In this work, we fabricated a GaN 64 × 64 micro LED monolithic display array on a passive drive circuit with a flip-chip aligner. The sapphire substrate of the GaN micro LED array remained as a support frame and as display windows. The size of a single micro LED pixel within the monolithic array was 20 μm × 20 μm, and its electro-optic characteristics were measured.

We found that the micro LED light power distribution covered the adjacent pixel positions and was caused by the micro size of the LEDs and the waveguiding of the sapphire transparent substrate, leading to optical crosstalk between the adjacent pixels. The smaller the size and separation of the micro LEDs, the more serious this problem became, leading to a decrease in the display resolution.

There are several methods that can be used to weaken the crosstalk between the display pixels, such as substrate removal and wafer bonding [23,24]. These methods require micro LED lift-off from the transparent substrate, which changes the monolithic array to discrete micro LEDs and may cause GaN LED damage. Reducing the sapphire substrate thickness and implementing a light extraction structure [25,26,27,28,29] could be an alternative route by which to reduce micro LED light crosstalk.

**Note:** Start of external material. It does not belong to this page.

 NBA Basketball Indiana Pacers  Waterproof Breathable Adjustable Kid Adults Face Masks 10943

In this paper, a sapphire substrate photonic crystal structure was employed to verify the light crosstalk effect. After monolithic micro LED array chip fabrication and wafer dicing, it is difficult to apply photolithography masks and dry etching techniques to produce micro/nano patterns on the surface of the sapphire substrate. Therefore, we used FIB technology to process the photonic crystal structure in the substrate area. Through the graphic, coordinates are established by the FIB system, and the relative position of the photonic crystal area and the micro LED pixel area can be accurately controlled.

2. Experiments

In this work, a GaN 64 × 64 micro LED monolithic display array was bonded onto a passive drive circuit using a flip-chip aligner. The display chip size of the 64 × 64 micro LED array, as shown in Figure 1, was 2016 μm × 2016 μm. The size of the micro LEDs in the display array was 20 μm × 20 μm, and the pitch of the micro LEDs was 28 μm.

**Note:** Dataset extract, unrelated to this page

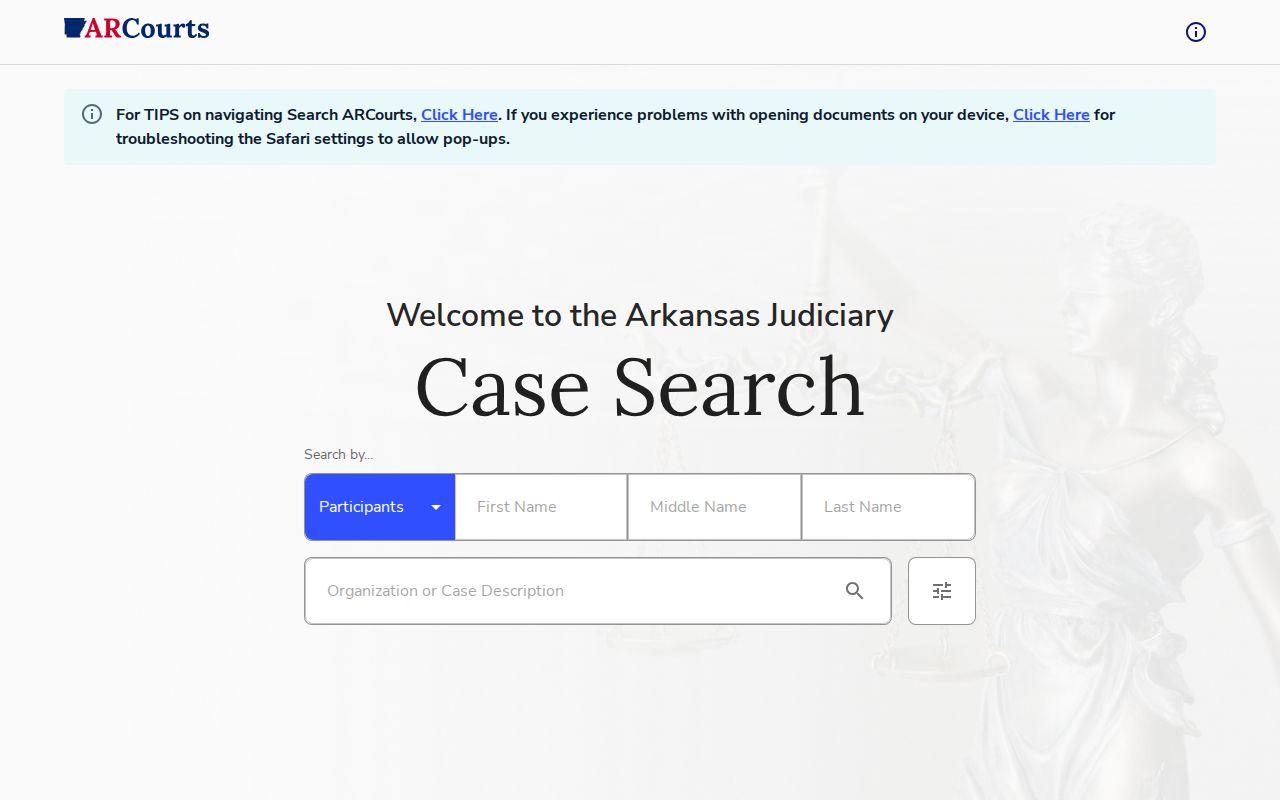 Pike County court case search in Search ARCourts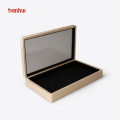 New Rose Gold handmade PU leather Jewelry gift box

The micro LED wafer layers from top to bottom consisted of 400 nm P-GaN, 180 nm 10-period GaN/InGaN multi-quantum wells, 1.5 μm N-GaN, a 3 μm undoped GaN buffer layer, and 150 μm of sapphire substrate. The array quantum well emission peak wavelength was 460 nm. The micro LED P, N electrode Au pads were situated on the top of the device. The N pad (thickness = 0.5 μm) was fabricated on the N-GaN following an ICP (inductive coupled plasma) etch through the P-layer, and the P electrode pad (thickness = 0.5 μm) was integrated into the 1 μm ITO transparent current spreading layer of the P-GaN. The P, N metal layer underwent rapid thermal annealing (@ 450 °C, 10 min). Then, the SiNx layer isolated and protected the P and N zone mesa. The micro LED P, N pad diameters were 5 μm.

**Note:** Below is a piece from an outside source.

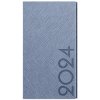 Diář Baloušek Tora 7,5 x 15 cm týdenní 2024 modrošedý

The drive circuit structure is shown in Figure 2, including the high-resistivity Si substrate, the Ti/Au row line for the LED anode, the Ti/Au column line for the LED cathode, and Au pads for the LED P, N electrode connection. As shown in Figure 2a, the P, N electrode lines are extruded to the 100 μm × 100 μm connection pad at the edge of the silicon substrate. In order to save substrate area space and facilitate the gold wire bonding, P-type odd-numbered electrode pads are arranged on the upper boundary of the substrate, and even-numbered P electrode pads are arranged on the lower boundary. Similarly, N-type odd electrode pads are arranged on the left side of the chip, while even N electrodes pads are on the right.

The 64 × 64 P, N Ti/Au electrode line thickness is 0.1/0.3 μm, which are isolated by a 0.4 μm thickness SiNx layer. The heights of the P, N Au rods for the electrode connection are 1 μm and 2.6 μm, respectively, and their height difference is used to compensate for the thickness difference caused by PN wafer etching on the micro LED chips. Every electrode line width is 12 μm, and the diameter of the P, N rods is 5 μm.

The micro LED display array was fabricated on the Si substrate with integrated drive circuits using a flip-chip bonding method. The fabricated micro LED display array is shown in Figure 3a. This process was completed using a Fineplacer 2000 (Finetech, Berlin, Germany), and the bonding temperature curve is illustrated in Figure 3b. The flip-chip bonding pressure was 15 N, and an 1800 mW ultrasonic power was applied to the bonding chips at 25 s and maintained for 1300 ms.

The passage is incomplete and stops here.